To verify that the locking is okay you can build the kernel with lockdep
enabled and CONFIG_PROVE_LOCKING=y set. That way lockdep will inform you
as soon as it notices the lock taken in interrupt context and in
process-context with enabled interrupts.

> cheers,

Sebastian

Jason Yan May 24, 2018, 2:58 a.m. UTC | #5

On 2018/5/23 17:24, Sebastian Andrzej Siewior wrote:
> On 2018-05-23 09:46:30 [+0100], John Garry wrote:
>> On 22/05/2018 18:31, Sebastian Andrzej Siewior wrote:
>>> On 2018-05-18 14:31:27 [+0100], John Garry wrote:
>>>> On 04/05/2018 15:50, Sebastian Andrzej Siewior wrote:
>>>>> Since commit 312d3e56119a ("[SCSI] libsas: remove ata_port.lock
>>>>> management duties from lldds") the sas_ata_qc_issue() function unlocks
>>>>> the ata_port.lock and disables interrupts before doing so.
>>>>> That lock is always taken with disabled interrupts so at this point, the
>>>>> interrupts are already disabled. There is no need to disable the
>>>>> interrupts before the unlock operation because they are already
>>>>> disabled.
>>>>
>>>> Is the only caller ata_qc_issue(), which has spin_lock_irqsave(host lock)
>>>> enabled?
>>>
>>> I don't understand the question.
>>
>> It seems to me that ap->lock can be taken in interrupt context, so then we
>> know it should be locked with interrupts disabled always.
>
> yes, the comment above the function says so, too.
>
>> I was just really asking how you know interrupts are disabled already? Maybe
>> it's obvious.
>
> The lock has to be taken with interrupts disabled. If the interrupts
> were enabled at the time sas_ata_qc_issue() was invoked then the lock
> was already taken in a bad way and disabling interrupts before the
> unlock does not make it any better.
> To verify that the locking is okay you can build the kernel with lockdep
> enabled and CONFIG_PROVE_LOCKING=y set. That way lockdep will inform you
> as soon as it notices the lock taken in interrupt context and in
> process-context with enabled interrupts.
>

For libsas, ata_qc_issue() now have three callers:
1. sas_queuecommand(), the normal io patch, have taken ap->lock with
irq disabled
2. ata_exec_internal_sg(), from EH context, have taken ap->lock with
irq disabled too
3. __ata_qc_complete(), from io completion path, have taken ap->lock
with irq disabled too(this may be in interrupts context)

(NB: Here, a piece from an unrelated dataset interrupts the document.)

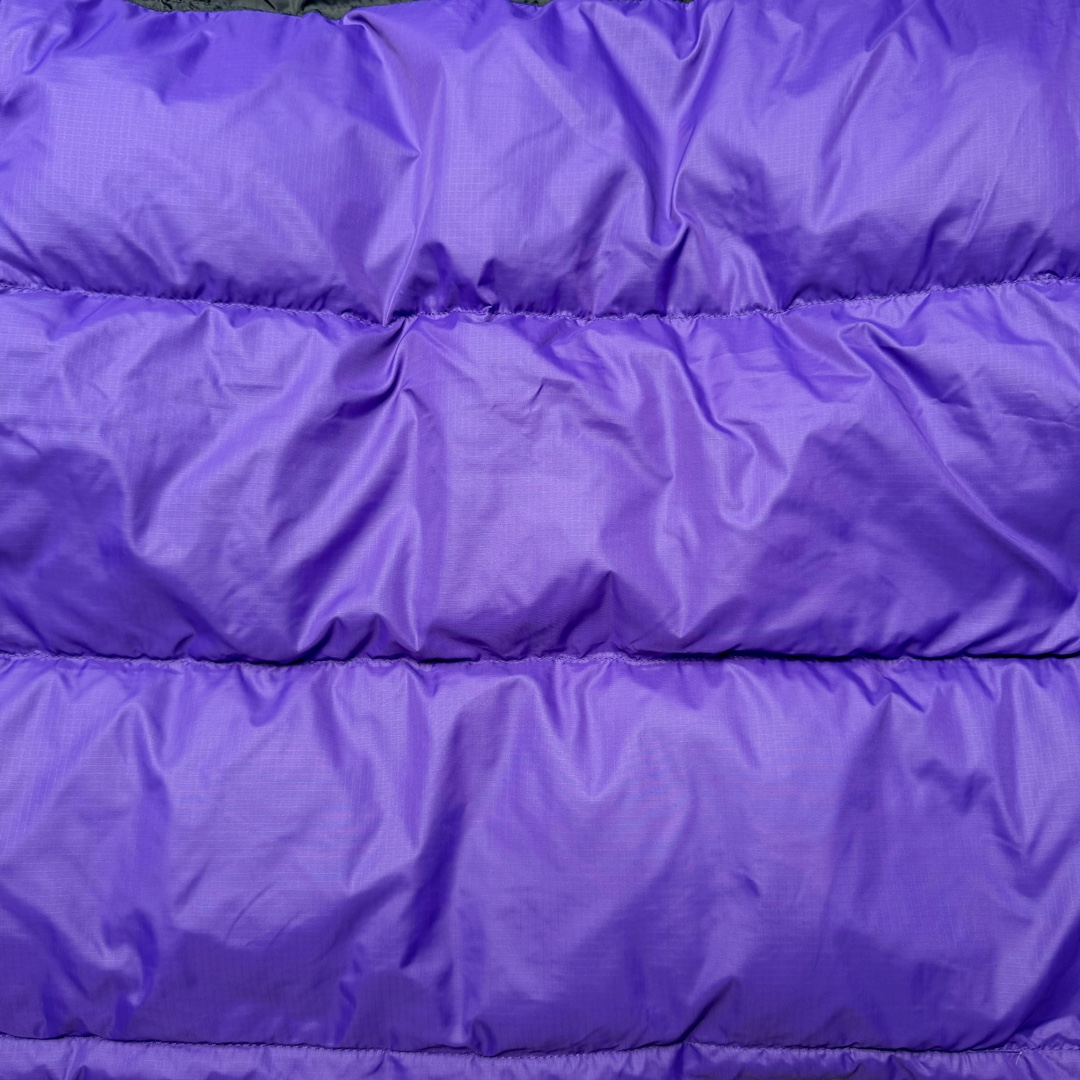 图片[7]-＃K版暖冬福利 全年售后 THE NORTH FACE 1996 Nuptse 北面经典拼色系列户外羽绒服 全程亲手操刀全程跟踪自主订单 纯正美版原版开发回避市场错误版型雷区 中高端提平台外贸客户首选版本 细节领先市场 专治各种艺术家臭毛病 超低售后率 万件现货 稳定供应 永不断码 独家定制特调绒区分市面低价棉服 充绒380克以上蓬松饱和度上手秒懂 辅料材料均独家定制区分市场粗材劣质 原版定制防水面料随意检测区分市场 全新定制主标NFC 可随意自主手机检测 尺码：XS-XXL 黑色有3XL 粉色XS-XL-选品中心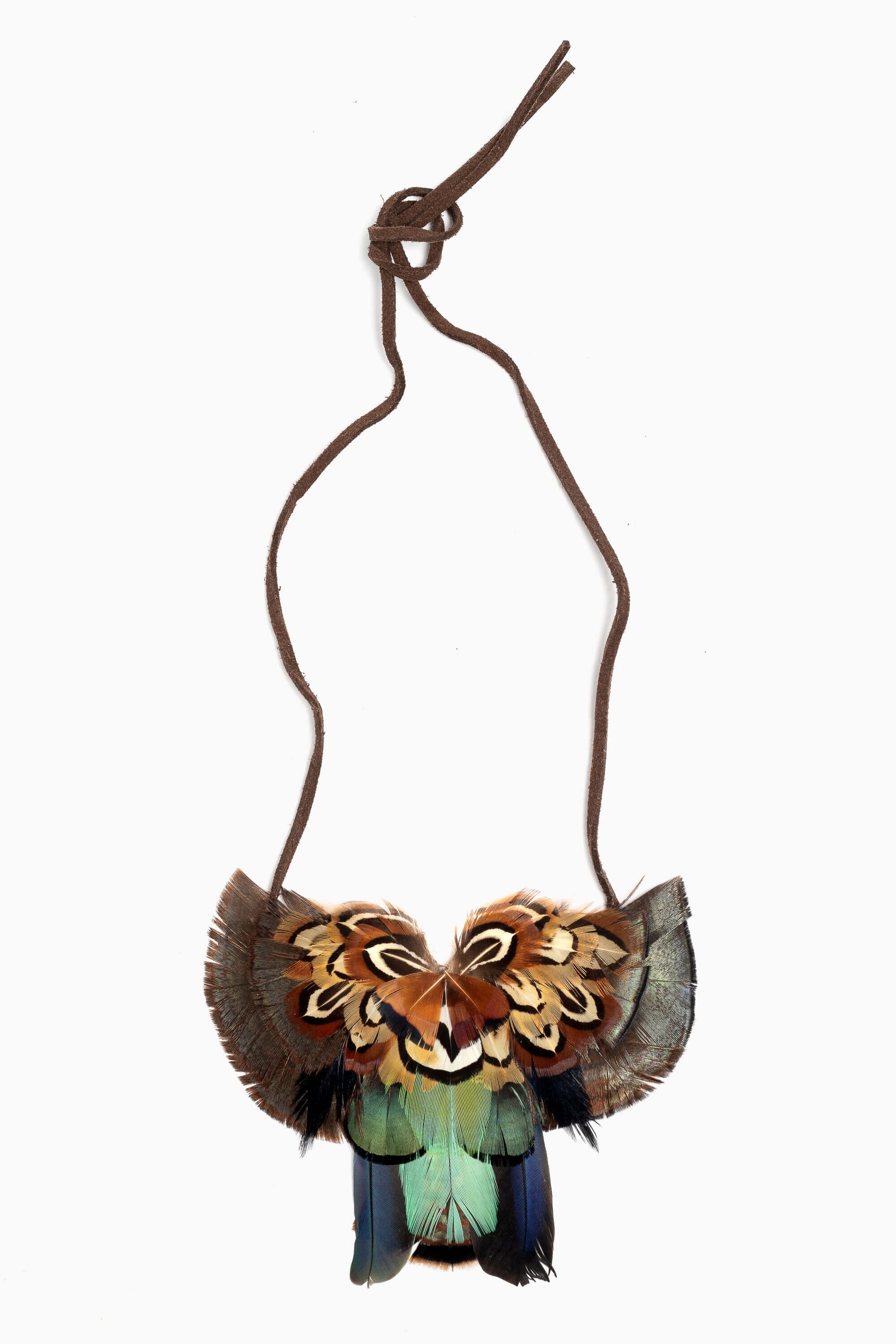 Collar con plumas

I think it's fine to delete this irq save code. As for the "TODO"
comment, I think we can add:

BUG_ON(!irqs_disabled());

or

WARN_ON_ONCE(!irqs_disabled());

and then delete the "TODO" comment.

>> cheers,
>
> Sebastian
>
> .
>

Sebastian Andrzej Siewior May 24, 2018, 7:15 a.m. UTC | #6

On 2018-05-24 10:58:44 [+0800], Jason Yan wrote:
> I think it's fine to delete this irq save code. As for the "TODO"
> comment, I think we can add:
> 
> BUG_ON(!irqs_disabled());
> 
> or
> 
> WARN_ON_ONCE(!irqs_disabled());

no, please don't do this. Please add instead
	lockdep_assert_held()

on the lock in question and let lockdep to its work. Lockdep has way
better coverage than your irqs_disabled() check which also breaks RT.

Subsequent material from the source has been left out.